- [Exercise goal]:
Return each line of the data below verbatim; pictures are to be left out.

──────── Dataset excerpt ────────

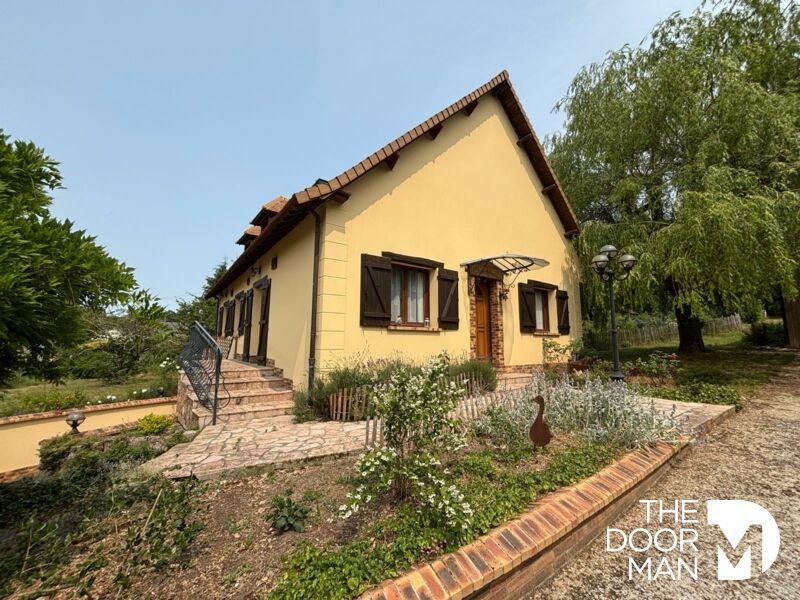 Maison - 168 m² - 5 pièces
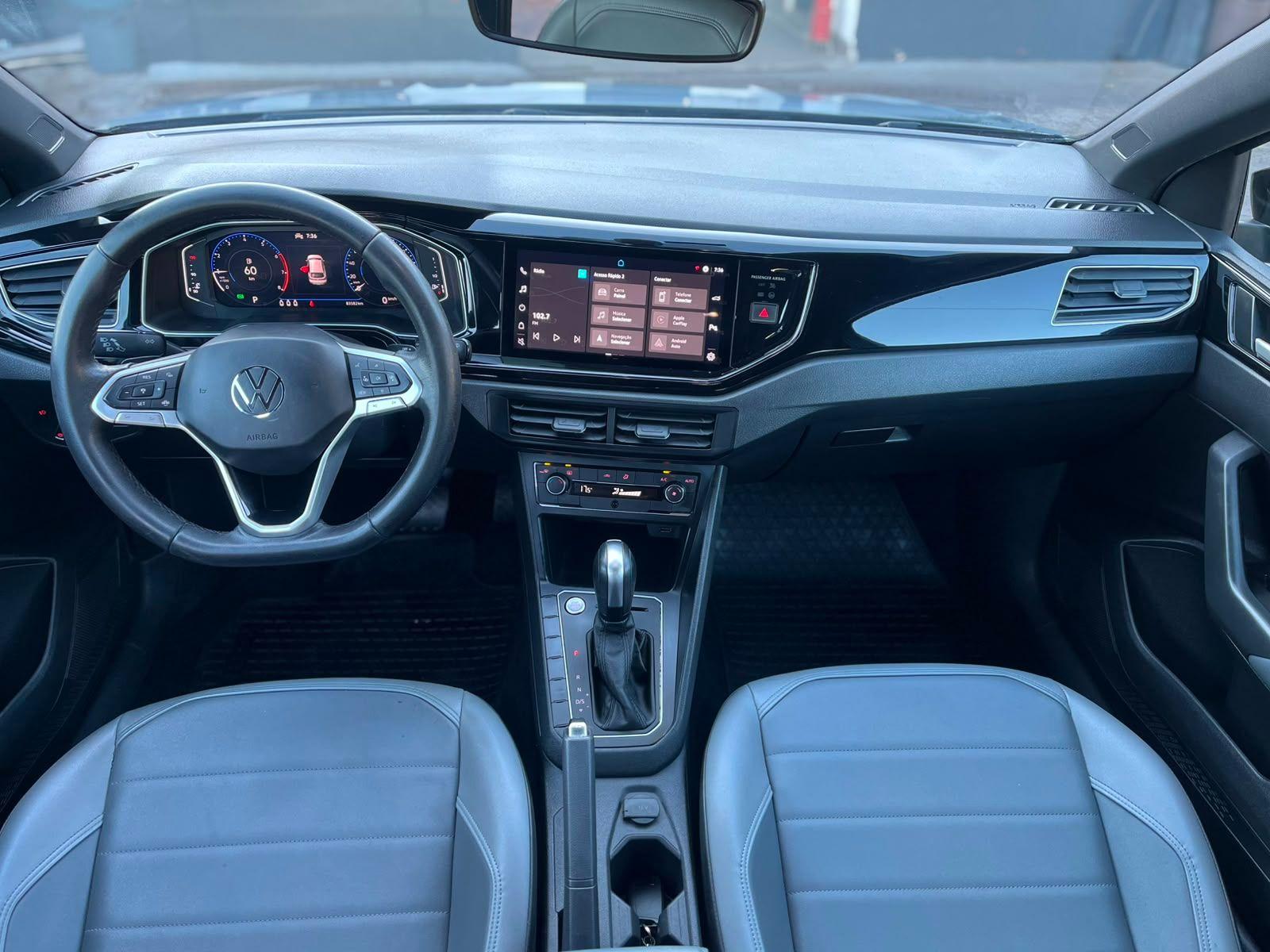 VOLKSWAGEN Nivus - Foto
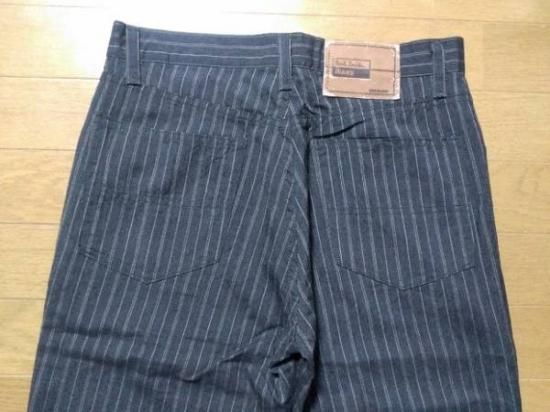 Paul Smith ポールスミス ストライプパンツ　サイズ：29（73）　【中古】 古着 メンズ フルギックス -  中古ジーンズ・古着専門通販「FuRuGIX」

────────

- [Task solution]:
 Maison - 168 m² - 5 pièces
 VOLKSWAGEN Nivus - Foto
 Paul Smith ポールスミス ストライプパンツ　サイズ：29（73）　【中古】 古着 メンズ フルギックス -  中古ジーンズ・古着専門通販「FuRuGIX」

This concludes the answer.